Important Note: Because of the differences between CJKT and European (and other) character sets, setting the primary or secondary character set groups to anything other than Simplified Chinese, Japanese, Korean, or Traditional Chinese does not help inbound autodetection. Setting these groups to non-CJKT values, though, can be useful for outbound autodetection, as explained below. You will also learn that you can use character set groups in the Notes client to affect the character set choices that are displayed for when you need to explicitly specify a MIME character set.

For outbound messages, Domino chooses a MIME character set based on the text of the message. For messages in some languages (such as Thai), it is usually pretty obvious which character set to choose. For other messages (such as those in some European languages), there is significantly more overlap in the character sets, and it is sometimes difficult to guess which MIME character set to use. Domino uses the primary, secondary, and operating system groups, in that order, to break ties in determining which character set to use. That means, for example, if a message contains all characters that could either be French or Turkish, then Domino uses the primary and secondary groups to determine which character set to use.

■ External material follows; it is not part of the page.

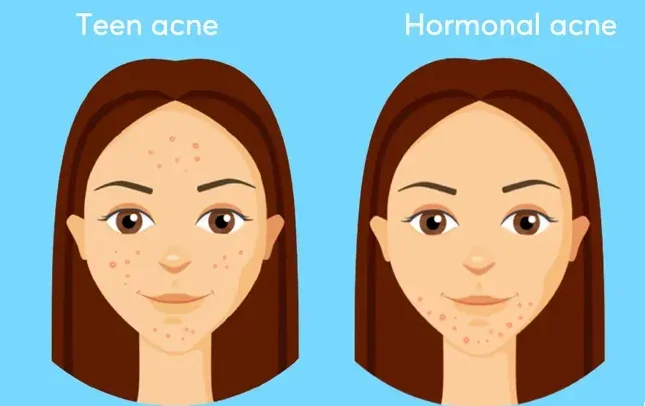 Natural remedies for hormonal acne, featuring ingredients like turmeric, honey, aloe vera, and tea tree oil, displayed on a wooden surface with a calming aesthetic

In addition, the client uses the primary and secondary character group settings to determine which character sets appear in the override Encoding dialogs. For example, if your primary character set group is Turkish, your secondary group is Japanese, and you are running on a Western or US configuration of Windows 98 (admittedly an unusual configuration), Notes displays the following dialog box when you right-click on an incoming MIME message:

Encoding menu

Note the inclusion of Turkish, Japanese, and Western character sets in addition to the "Other..." choice, which will give you all choices when clicked.

This "override" dialog box allows you to override the default character set that Notes/Domino uses on incoming messages and on Web pages! This is one of the most important advantages of the native MIME storage, new in R5 -- even if Notes/Domino guesses wrong on an incoming message, you can specify the correct character set by explicitly overriding the character set choice.

Similarly, in the Notes client, you can explicitly specify the character set that Notes uses for outgoing mail, overriding the default Notes/Domino heuristics. You can specify this on a per-message basis on the Advanced tab of the Delivery Options dialog box, as shown below.

Delivery Options, Advanced tab

Per-character set group options
In addition to selecting the primary and secondary groups, you can configure options for each character set group. These options include both inbound and outbound message options. The following screen shows the configuration for the "Central Europe" group. In general, these per-group configurations should not be necessary unless you have special font preferences.

MIME settings by character set group

Inbound options
The inbound options provide a way to control the default fonts that Notes uses, as well as their default sizes, when opening a MIME message (or a Web page, news article, and so on). You can configure these fonts on a per-character set group basis because you may require different fonts for different character sets.

For example, a font that can display Japanese needs many more characters or glyphs than a font that can display French (in the Western group). You can use the same fonts for each group (if you have a Unicode font that can display all of the character sets), but you may not want to. Instead, you may want to use a Unicode font for most of the groups, but a different non-Unicode font for Hebrew, for example, if you have a high-quality Hebrew font that you prefer.

Notice that you can configure "HTML" font information separately from "Plain Text" font information. Here are the default HTML font settings:
For Plain Text, the default configuration uses a 10-point Default Monospace font. (Note that all of these defaults may be different if you are using a localized version of Notes/Domino.)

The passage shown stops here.